I had a chance to test things out with sqlite and that worked well. I'll have to see if I can install postgres for testing purposes but if someone else is able to get to it before then, I would appreciate it a lot :)

webchick’s picture

Status: Needs review » Fixed

Perfect. If SQLite works I'm fairly confident that pgsql will work, since this patch was mainly to work around MySQL weirdness, and SQLite is un-weird in the same way as pgsql is un-weird, as far as I know. According to http://drupaltesting.org/ we're not currently passing tests in any of our alternate database systems. :( So I don't imagine this will make things worse, though it could. OTOH, there are a lot of people hitting this and it'd be great to get this critical closed. So I'm going to take a risk and commit this.

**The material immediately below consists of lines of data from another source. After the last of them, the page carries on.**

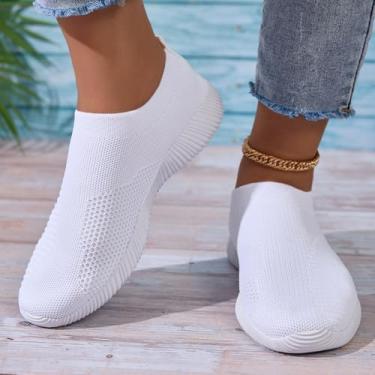 Imagem de Tênis feminino de caminhada, atlético, casual, academia, sem cadarço, leve, Branco, 40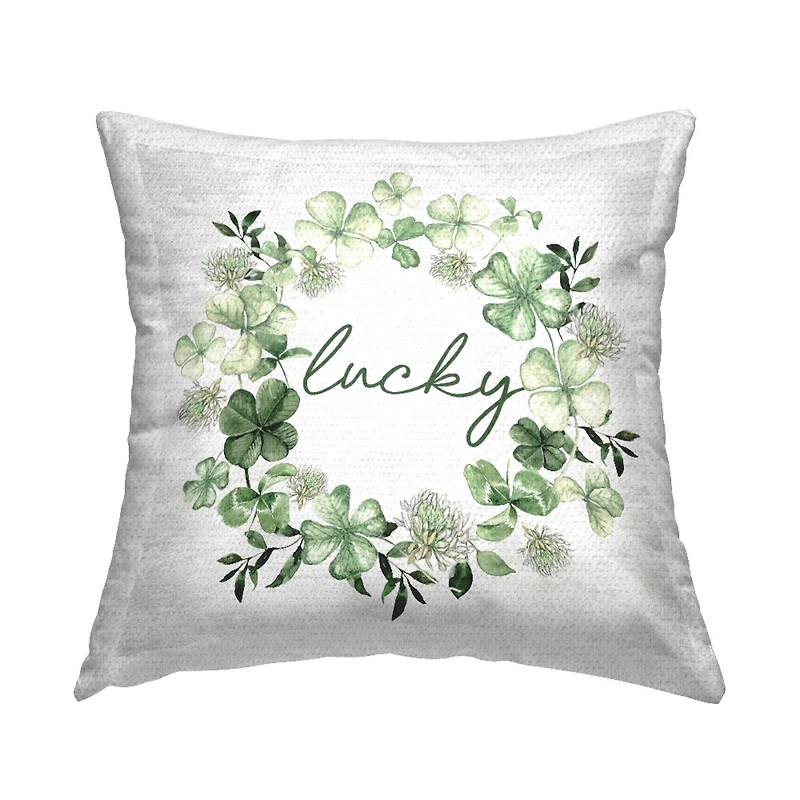 Stupell Industries Lucky Irish Wreath Outdoor Printed Pillow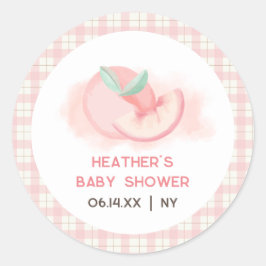 Niedlich Sweet Pink Gingham Peach Baby Dusche Runder Aufkleber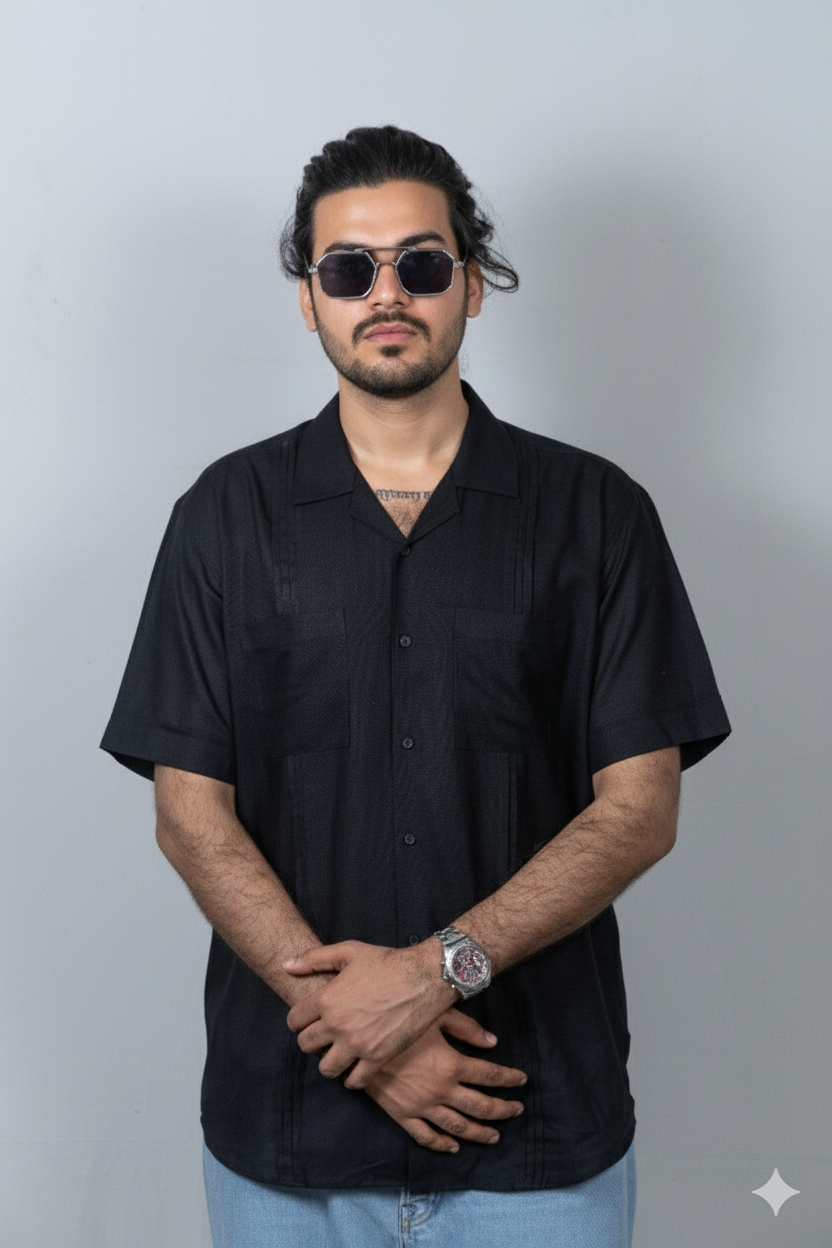Half-Sleeve Black Linen Shirt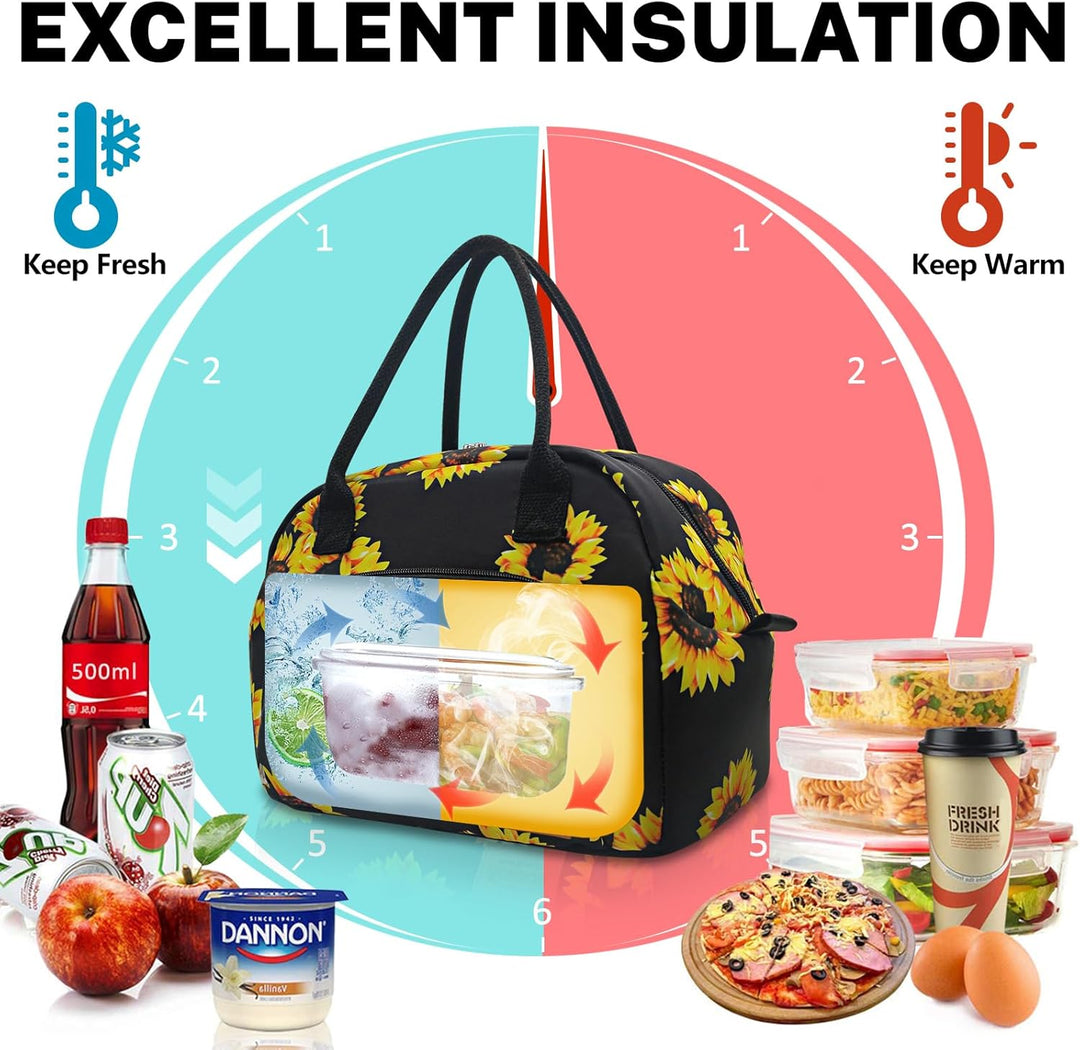AOSBOS Isolierte Lunchtasche, 12 l, grosse Lunchtasche aus wasserdichtem Futter, für Damen, Sonnenbl
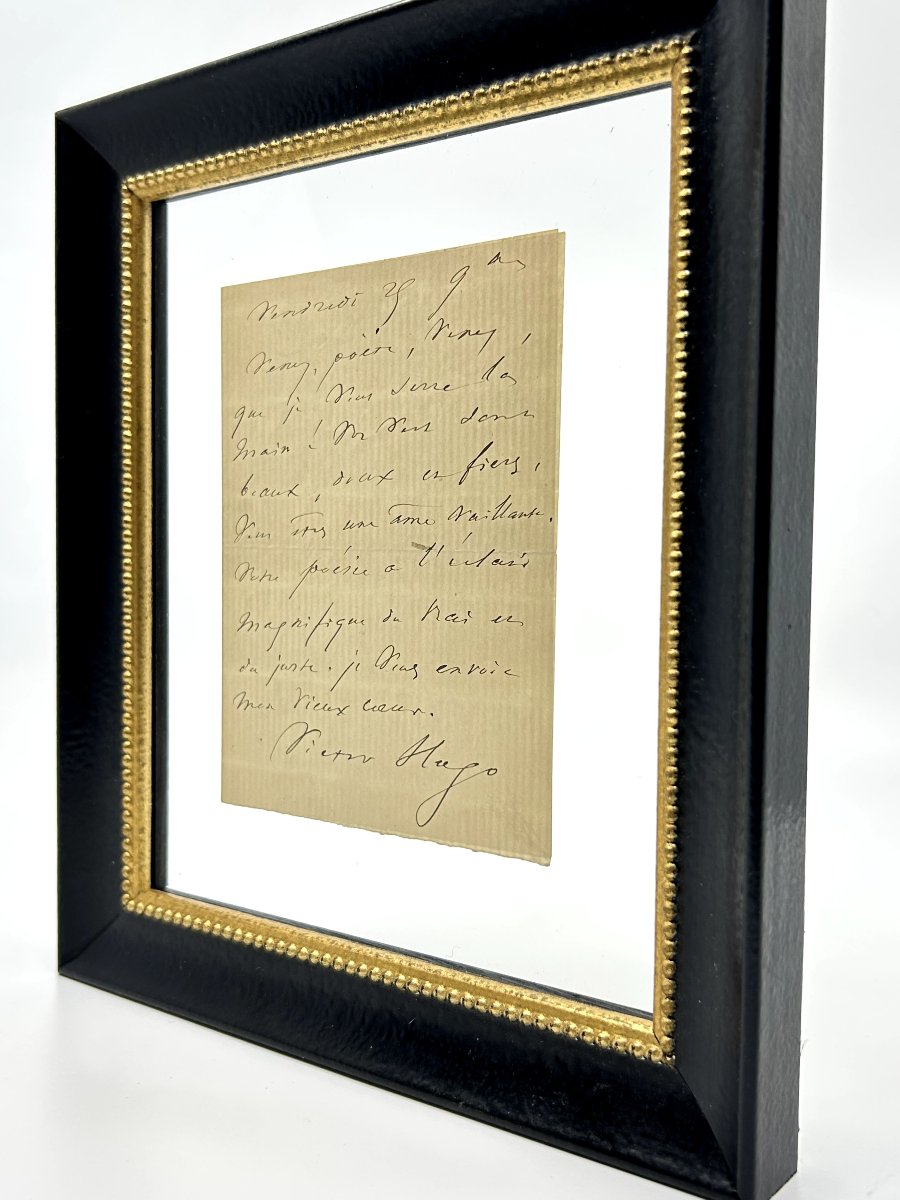 Victor Hugo - Autograph Letter Signed By A Poet With A “valiant Soul” And “gentle Yet Proud” Verses-photo-2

Committed and pushed to 7.x. THANK YOU!!!!

chx’s picture

Status: Fixed » Needs review
FileSize
803 bytes
PASSED: [[SimpleTest]]: [MySQL] 39,006 pass(es). View

OPSIE!

webchick’s picture

Status: Needs review » Fixed

Whew. Thanks. Committed and pushed to 7.x.

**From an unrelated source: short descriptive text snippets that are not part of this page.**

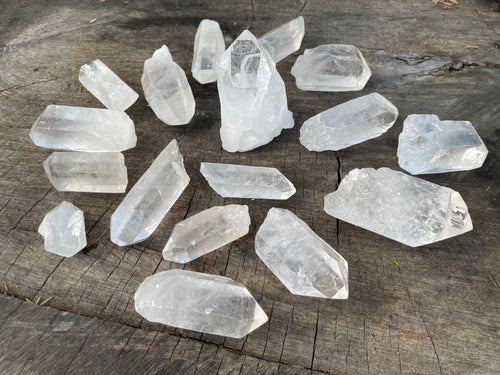 One Kilogram Lot of Large Brazilian Clear Quartz Crystal Natural Points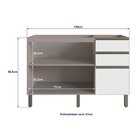 Balcão 2 Portas 3 Gavetas Cozinha Diamante New Fumê/branco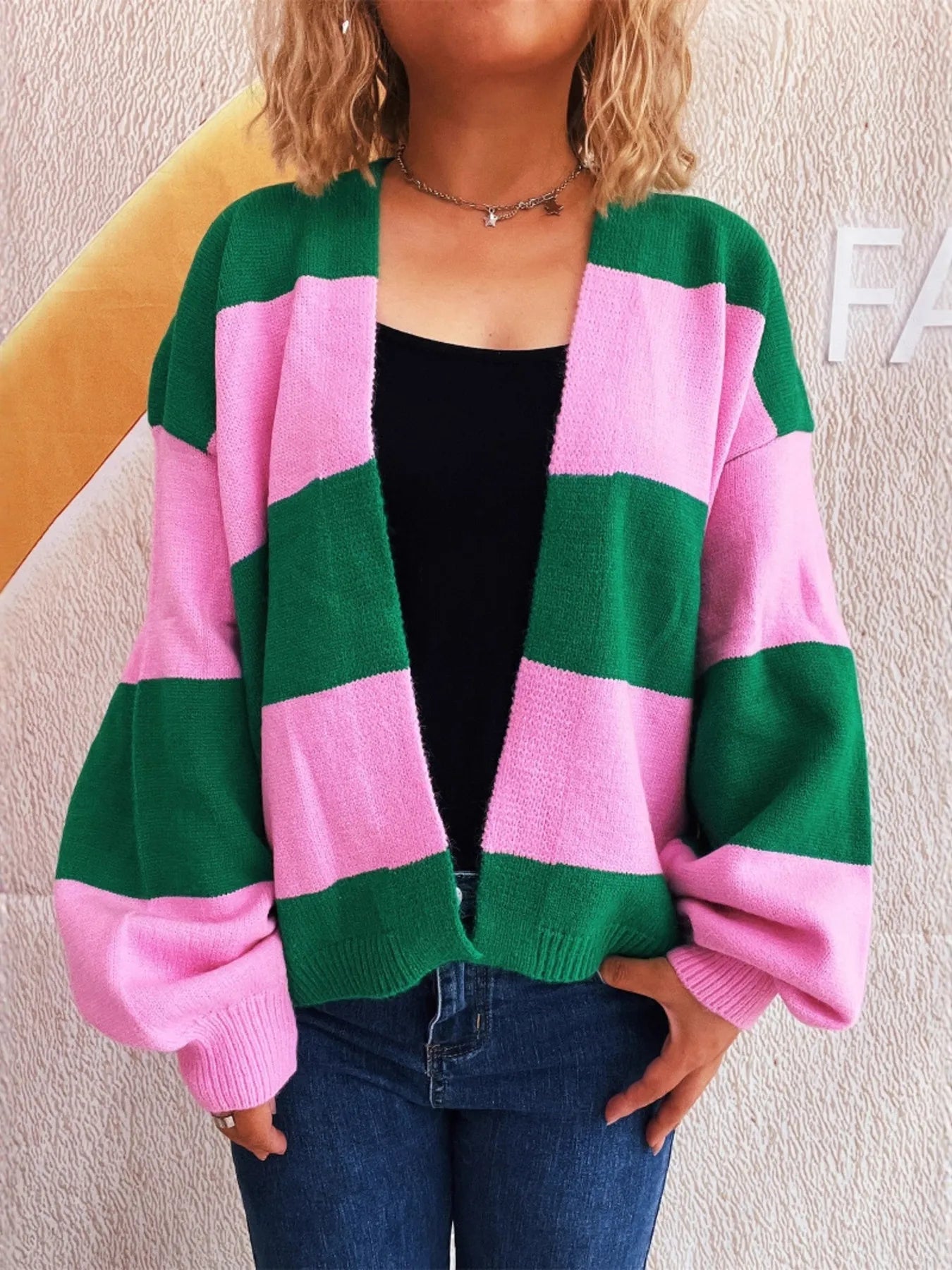 Color Block Open Front Cardigan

Status: Fixed » Closed (fixed)

Automatically closed -- issue fixed for 2 weeks with no activity.

Dave Reid’s picture

I'm really really sorry to add this comment on a closed issue, but there appears to be no actual explanation or reasoning why {file_managed}.filename was made a binary column as well. Unlike {file_managed}.uri, it is not a unique index or primary key. It simply stores the file name. WHY WHY WHY was this converted? This makes it impossible for us to add Views filters for {file_managed}.filename that are case insensitive without having to hack around the system. This makes the Media library much more difficult for users. I don't see any reasoning for making this change.

Dave Reid’s picture

Follow up with #1691438: Regression: {file_managed}.filename should NOT be binary (and case-sensitive by default) please. I have no idea why comment #82/86 was allowed to add to the patch without any validation.

bfroehle’s picture

Yep, big wtf.

webchick’s picture

In the future, I'd recommend not commenting on a closed issue, but rather re-opening it, since I never saw this and only caught #1691438: Regression: {file_managed}.filename should NOT be binary (and case-sensitive by default) because it made it to the RTBC queue.

Dave Reid’s picture

I already apologized for commenting on a closed issue, but it was important to notify people that participated in this issue about something that should not have made it in and got missed in review.

webchick’s picture

Right. I'm saying that I don't think it actually notified people. :) I almost missed this reply again! Sneaky closed status. :)

So in the future if a problem like this comes up, and it can be cleanly linked to one particular commit that already has a bunch of people on it, probably makes more sense to re-open and comment there w/ follow-ups/patches. That's all.

webchick’s picture

Issue summary: View changes

Updated issue summary.

kenorb’s picture

kenorb’s picture

I'm experiencing still similar issue, but somehow I've identical files in files table (Private Upload?).

SQL Query to identify the duplicates:

SELECT * FROM files f WHERE filepath LIKE "%my_filename%"

So here is SQL query to remove these duplicates leaving the highest fid:

DELETE n1 FROM files n1, files n2 WHERE n1.fid > n2.fid AND n1.filepath = n2.filepath

Note that you can't run system_update_7061() twice, as it'll generate some other error (e.g. 1062 Duplicate entry '10' for key 'PRIMARY), so you should do this only at the first time and only once.

turbogeek’s picture

Thanks kenorb, your solution worked. As mentioned, system_update_7061() will generate another error if it's ran again, so I started fresh with my backed up DB then checked for filepath duplicates in the files table (there was only one in my case) and ran the update.